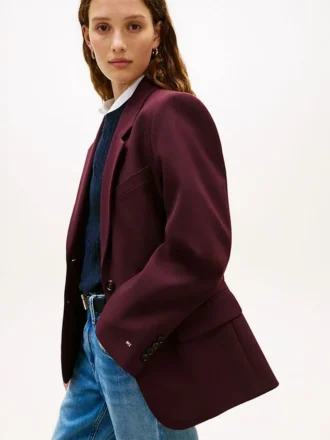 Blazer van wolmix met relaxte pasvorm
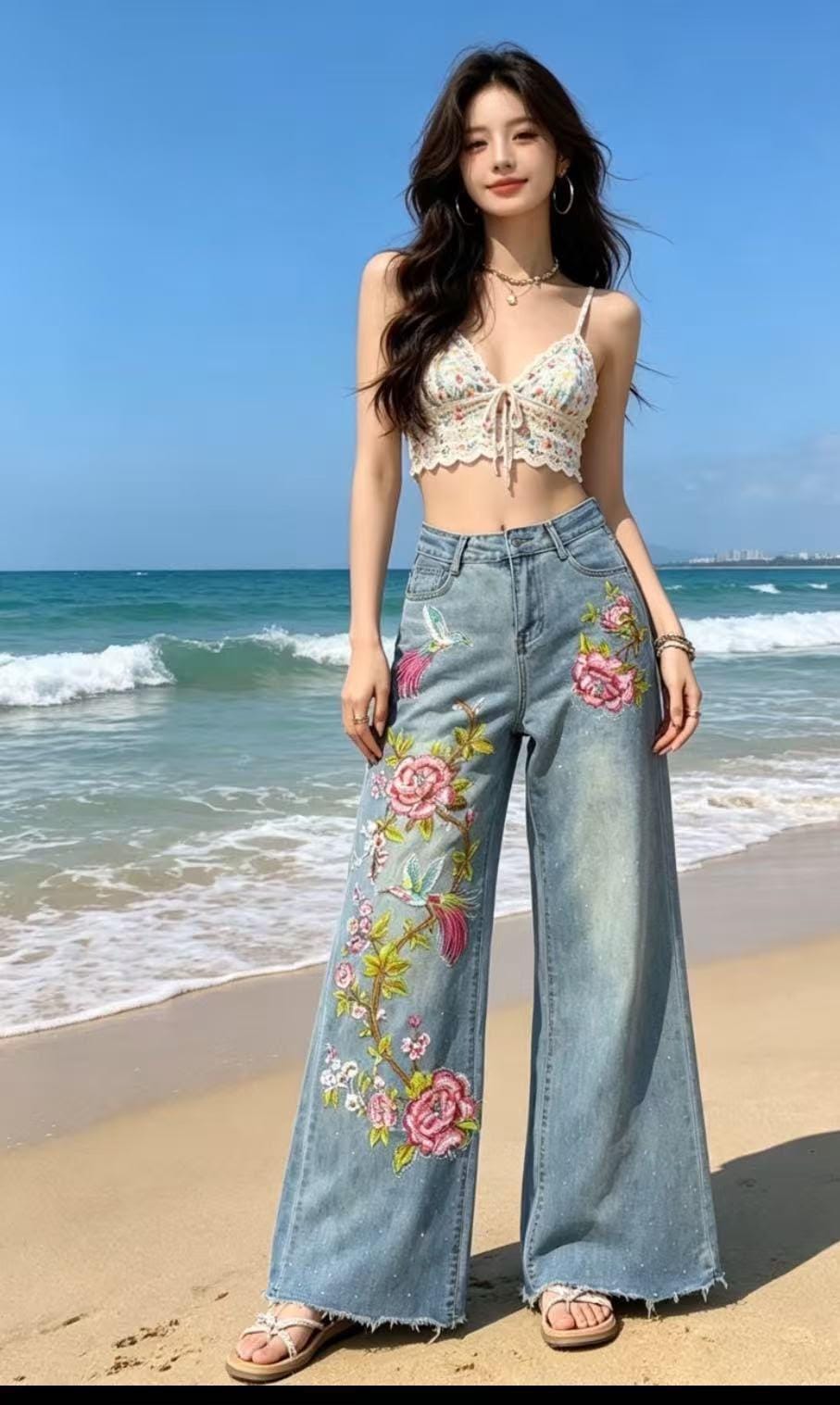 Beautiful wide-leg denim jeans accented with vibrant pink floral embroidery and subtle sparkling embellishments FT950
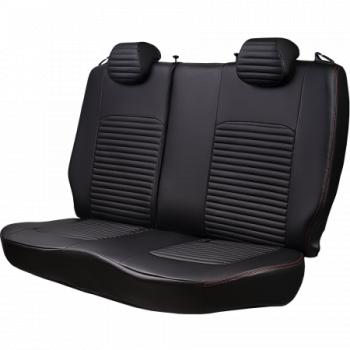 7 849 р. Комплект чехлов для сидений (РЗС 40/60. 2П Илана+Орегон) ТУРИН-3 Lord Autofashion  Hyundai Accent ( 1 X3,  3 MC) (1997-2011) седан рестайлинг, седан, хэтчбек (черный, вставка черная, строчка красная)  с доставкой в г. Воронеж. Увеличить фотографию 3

DIRECTIONS FOR THIS TASK:
Copy every line of the listing above exactly. Leave each picture out.

RESULT OF THIS TASK:
 Blazer van wolmix met relaxte pasvorm
 Beautiful wide-leg denim jeans accented with vibrant pink floral embroidery and subtle sparkling embellishments FT950
 7 849 р. Комплект чехлов для сидений (РЗС 40/60. 2П Илана+Орегон) ТУРИН-3 Lord Autofashion  Hyundai Accent ( 1 X3,  3 MC) (1997-2011) седан рестайлинг, седан, хэтчбек (черный, вставка черная, строчка красная)  с доставкой в г. Воронеж. Увеличить фотографию 3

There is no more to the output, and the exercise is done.